Category — Uncategorized
Media Use Among Children and Teens
If I were to ask you how much time per day children and teens spend with various media – computers, televisions, video games, etc – what would you say?
Would you imagine it is more time than young people spend in a school on any given day?
In a recent study by the Kaiser Family Foundation called GENERATION M2: Media in the Lives of 8- to 18-Year-Olds (January 2010) they found that young people spend 7.5 hours per day engaging with various media – but because of multi-tasking they pack 10.75 hours of stuff into that 7. 5 hours (and that’s every single day). And that’s the average! 11-14 year olds pack in 11:53 per day (nearly 12 hours) in total media exposure!
In addition, texting is NOT part of this study however 7th to 12th graders report spending about 1 hour and 35 minutes per day sending or receiving text messages.
Here’s a quote from a press release about that study:
With technology allowing nearly 24-hour media access as children and teens go about their daily lives, the amount of time young people spend with entertainment media has risen dramatically, especially among minority youth, according to a study released today by the Kaiser Family Foundation. Today, 8-18 year-olds devote an average of 7 hours and 38 minutes (7:38) to using entertainment media across a typical day (more than 53 hours a week).

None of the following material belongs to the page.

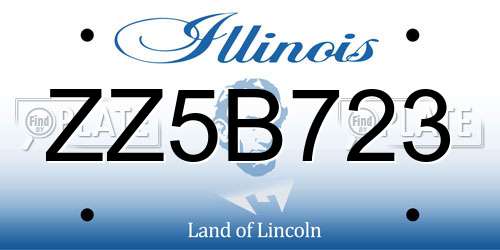 ZZ5B723 Illinois License Plate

And because they spend so much of that time ‘media multitasking’ (using more than one medium at a time), they actually manage to pack a total of 10 hours and 45 minutes (10:45) worth of media content into those 7½ hours.
The amount of time spent with media increased by an hour and seventeen minutes a day over the past five years, from 6:21 in 2004 to 7:38 today. And because of media multitasking, the total amount of media content consumed during that period has increased from 8:33 in 2004 to 10:45 today.

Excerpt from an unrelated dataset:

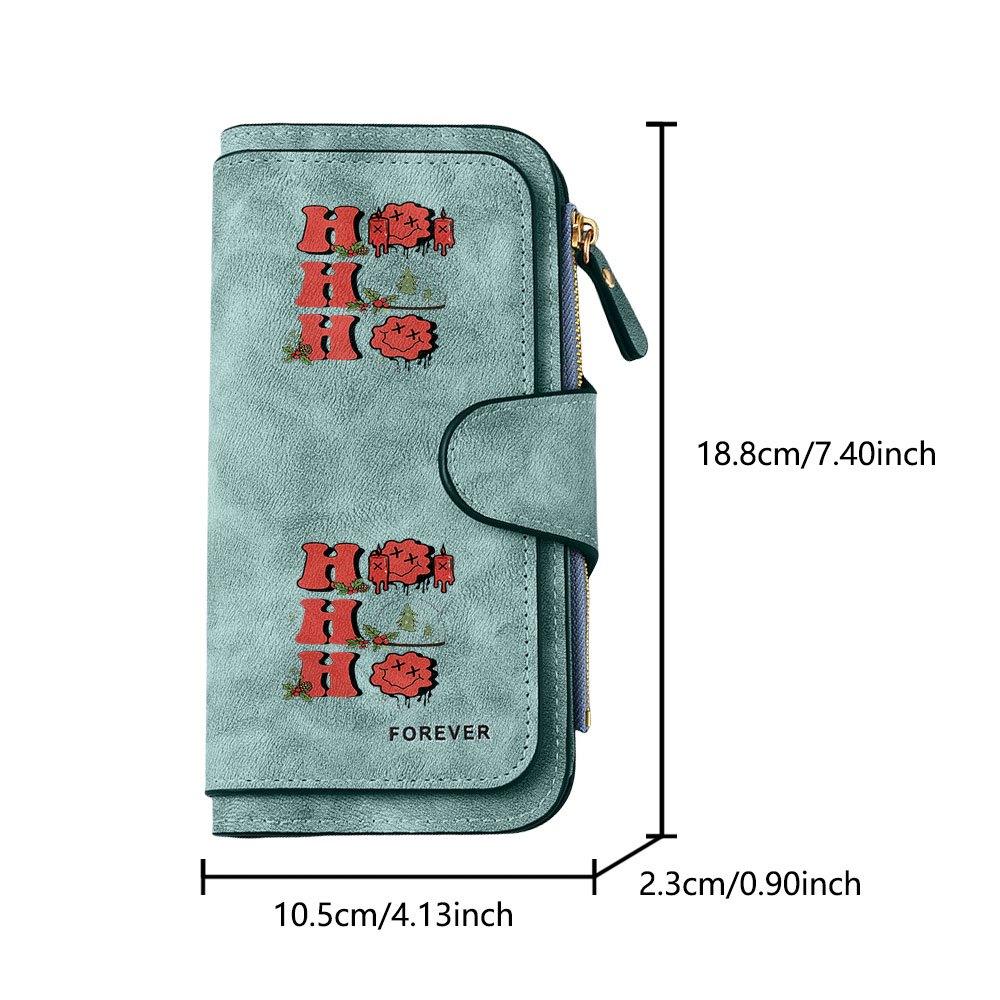 HOHO Christmas Long Zipper Wallet, Large Capacity Card Holder, Unisex Clutch Bag, Fashionable Zipper Coin Purse, Suitable for Daily Use, A Great Gift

Assuming this is true, what do you think the implications are for schools and schooling?
If young people spend approximately 6 hours per day in the schooling environment (not counting extra-curricular activities) doing what we might call single tasking while spending about 7.5 hours per day multi-tasking with technology what chance do schools have in getting and keeping their attention – let alone getting them to learn anything?
And, young people spend time using media 7.5 hours per day seven days per week, 365 days per year.
This blog has been attempting to explore the difference between schooling and education. One of the key models I’ve developed to explain this difference is something I call the Spheres of Influence model. The concept originated in some work we did with a school district in southern California back in the early 90s.
The model attempts to visualize several things. 1) Schools operate under a control and compliance operating principle. 2) The organizing principle is a hierarchy however that can be shown in a different way 3) All human beings want to have some control over themselves as well their environment. 4) the model attempts to show different spheres of influence from a systems perspective.
The model begins with the young person in the middle and moves out from there. The classroom is the first sphere of influence, then the school, then the school district. The school board has the most influence over the district with the state department of education influencing the boards and the federal department influencing the states.
The image above is a venn diagram showing these spheres of influence. It’s not to scale or meant to show the difference or amount of influence each sphere has over the other. This model by itself can be a catalyst for conversations about improvements and changes in the system that might be beneficial to the overall outcomes of the system.
At the same time we can also draw another model which reflects the influences in the young person’s life outside of the schooling system. These sets of influences can be considered the education environment (note: I will need to define what I mean by schooling vs education in another blog post).
This set of influences again start with the young person in the center. The family is the immediate sphere of influence around the young person, then the neighborhood and the community. Moving out from there is the city, the state, and then the nation.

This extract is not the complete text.